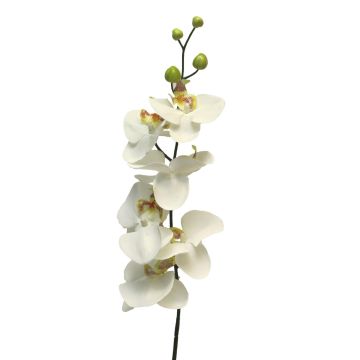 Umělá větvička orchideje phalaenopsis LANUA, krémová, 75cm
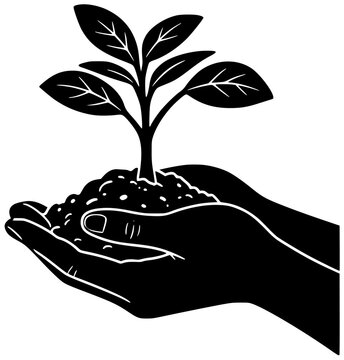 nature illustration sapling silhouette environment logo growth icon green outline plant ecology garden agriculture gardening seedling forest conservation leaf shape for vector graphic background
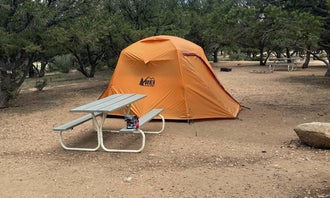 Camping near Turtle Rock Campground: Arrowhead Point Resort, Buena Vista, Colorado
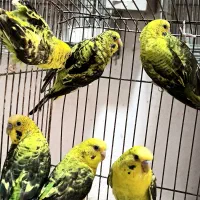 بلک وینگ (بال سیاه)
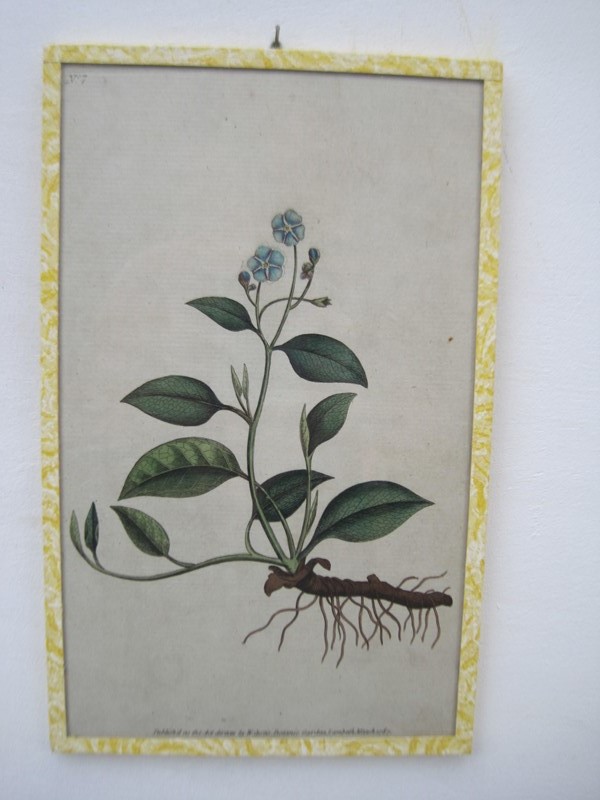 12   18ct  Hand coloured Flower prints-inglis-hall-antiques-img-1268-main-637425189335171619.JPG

======

ACTIVITY. The expected response is every entry above, repeated exactly, pictures removed.

WRITTEN RESPONSE.
 Umělá větvička orchideje phalaenopsis LANUA, krémová, 75cm
 nature illustration sapling silhouette environment logo growth icon green outline plant ecology garden agriculture gardening seedling forest conservation leaf shape for vector graphic background
 Camping near Turtle Rock Campground: Arrowhead Point Resort, Buena Vista, Colorado
 بلک وینگ (بال سیاه)
 12   18ct  Hand coloured Flower prints-inglis-hall-antiques-img-1268-main-637425189335171619.JPG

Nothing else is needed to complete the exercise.